2013 NFL Combine: SEC safeties standing out
In a deep defensive back class, it's the impressive group of SEC safeties that is standing out among the rest.
INDIANAPOLIS -- With the NFL on the lookout for safeties who can play physical and cover in space, the SEC is sending a group of versatile safeties to the 2013 NFL Draft. They won’t last long on draft weekend.
Led by potential first rounders Kenny Vaccaro (Texas) and Jonathan Cyprien (FIU), this year’s class of safeties is deep, but it’s the group from college football’s premier conference that is creating the buzz.
Although often overlooked due to his size, Florida’s Matt Elam is determined to stand out, despite his shorter stature. And he is able to do so because of his physicality.
“I’m not the biggest safety, but I feel like I play hard and that makes me stand out,” Elam explained. “I love to strike people and I feel that will help me stand out the most.”
Elam cited his past experience on offense as the reason he likes to “deliver the blow” instead of receive them. But what about his ability to hold up in coverage?
“I feel I’m versatile, I can cover slot receivers,” Elam answered. “I can go down and cover, play in the box, play in the post, that will make me stand out.”

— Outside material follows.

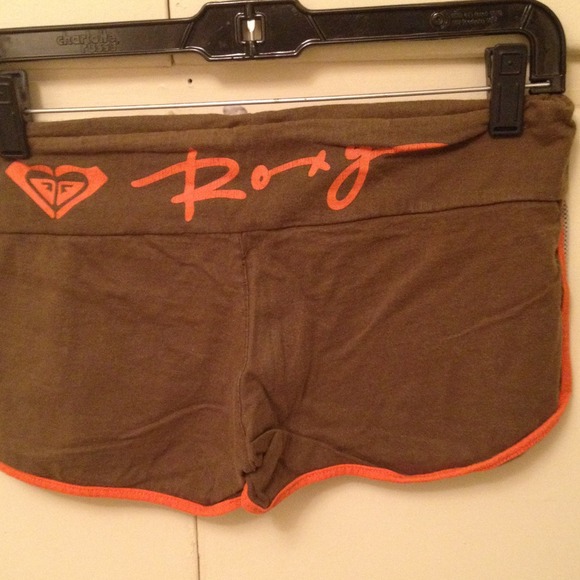 🎉SOLD🎉 Roxy shorts - Picture 3 of 3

South Carolina’s D.J. Swearinger is one of the most physical hitters in this draft class and prides himself not only on his production, but also his NFL skill set. If you ask him, he’ll tell you he has all the skills it takes to make an impact at the pro level.

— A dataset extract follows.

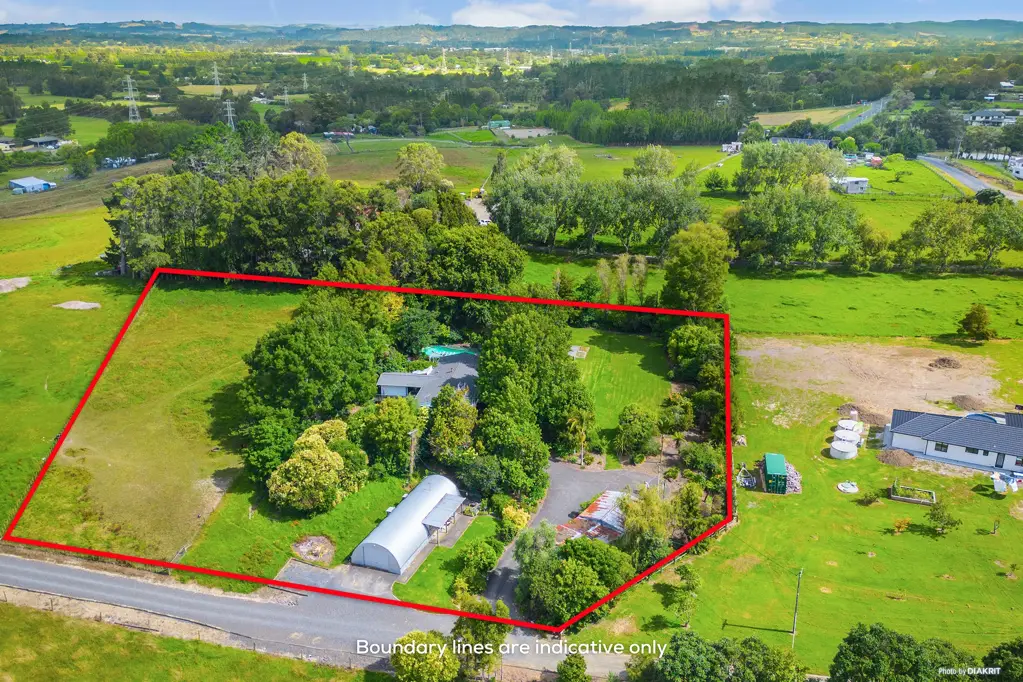 Taupaki 5房  Home, shed, office, sleep out, paddock.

“First of all, you’ve got to have great instincts, great ball skills,” Swearinger said. “You’ve got to read coverages. You’ve got to be able to run, tackle in the open field and play the ball in the air.”
With experience at cornerback, nickelback and both safety spots, Swearinger feels ready and battle tested for what the NFL will bring. And a large reason for that is the weekly competition he faced in the SEC.
“The SEC is the best conference in America,” Swearinger said. “It’s next to the NFL if you ask me. I haven’t played in the NFL, but a lot of my past teammates say it’s no different that the SEC, just more professional. I think that will be a big help with me going into the next level.”
Besides Elam and Swearinger, the SEC will also send Eric Reid (LSU), Josh Evans (Florida), Bacarri Rambo (Georgia), Shawn Williams (Georgia) and Robert Lester (Alabama) to the 2013 NFL Draft and several of them will be top-100 prospects. With a deep class of safeties, it can be a daunting task to try and match up with the rest of the talent in this group. But the SEC helped prepare these prospects for the competition on draft day.
“It’s not nerve racking at all,” Swearinger said. “I see competition, I’m all for competition. I’m glad it is a deep class so I can show what I can do out here on Tuesday.”